Grayshift
- Industry: Mobile device forensics
- Founded: 2016
- Founder: David Miles Braden Thomas Justin Fisher Sean Larsson
- Fate: Merged with Magnet Forensics (2023)
- Website: magnetforensics.com

= Grayshift =

American mobile device forensics company

Grayshift is an American mobile device forensics company which makes a device named GrayKey to crack iPhones, iPads, and Android devices. In 2023, it merged with the Canadian firm Magnet Forensics.

== History ==
Grayshift was co-founded by David Miles, Braden Thomas, Justin Fisher, and Sean Larsson. The company is funded by private investors PeakEquity Partners and C&B Capital. As of 2023, it was majority controlled by investment firm Thoma Bravo.

Grayshift was founded in 2016, and as of 2018 was a privately held company based in Atlanta, Georgia, with fewer than 50 employees.

In 2023, it was announced that Grayshift would merge with the Canadian firm Magnet Forensics, following the latter's acquisition for $1.35 billion by investment firm Thoma Bravo, which also owned the majority of Grayshift at the time. The merger was completed later the same year.

== GrayKey ==
In 2017, rumors started to circulate that Grayshift had created a device able to unlock iPhones, following the Apple–FBI encryption dispute where US law enforcement agencies unsuccessfully tried to compel Apple to write software that would enable the government bypass these devices' security and unlock the phones.

The GrayKey product has been used by the FBI and U.S., British and Canadian local police forces. In 2022, the company stated that GrayKey was being used "by thousands of law enforcement and government defense agencies across 30 countries worldwide, including France, United Kingdom, Germany, Sweden, Spain, and Italy".

According to media reports, GrayKey costs US$15,000 to US$30,000 per copy depending on the functional options chosen. As of 2018, the device consisted of a gray box, 4 inches by 4 inches by 2 inches in size, with two Lightning cables. In 2022, photos of the "GrayKey 2.0" device were revealed in an FCC filing.

The GrayKey reportedly provides support retrieving information from iPhones running iOS 9 and later.
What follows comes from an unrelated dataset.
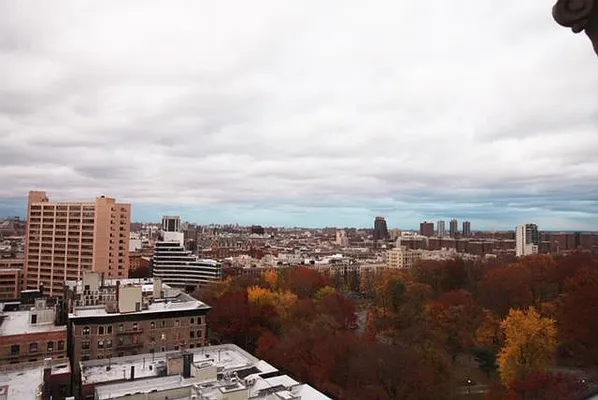 Rented by Buchbinder & Warren | media 20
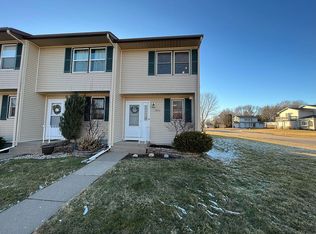 3822 Belle Ave, Davenport, IA 52807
Around 2019, Apple modified iOS so that external device connections must be authorized by the iPhone owner after it has been unlocked. On newer iPhone models, only unencrypted files and some metadata might be extracted. With earlier models, full data extraction, such as decrypting encrypted files, is possible. As of 2021, GrayKey was able to perform successful brute-force attack against iOS devices in some situations, with Grayshift being "constantly in a cat-and-mouse game with Apple", which continually works to fix the security exploits used by GrayKey. In 2022, Motherboard concluded that "while it's unclear exactly how it achieves it, GrayKey bruteforces the iPhone or Android phone's passcode and unlocks it—essentially hacking the phone—allowing customers to access and extract data from the phones."
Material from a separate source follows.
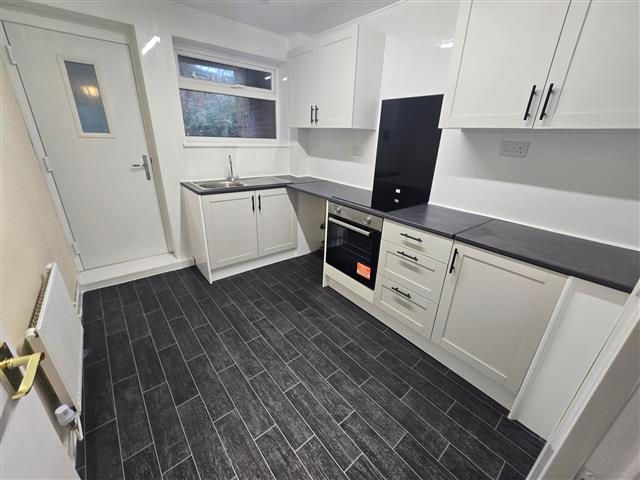 Property photo 3 of 4 Kitchen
In 2018, hackers obtained the GrayKey source code, and attempted to extort a payment of 2 bitcoins from Grayshift after leaking "small chunks of code".

GrayKey with Android support was released in early 2021. According to a March 2024 announcement, Graykey has "full support" for iOS 17 devices, Samsung's Galaxy S24 smartphones, and Google's Pixel 6 and Pixel 7 devices.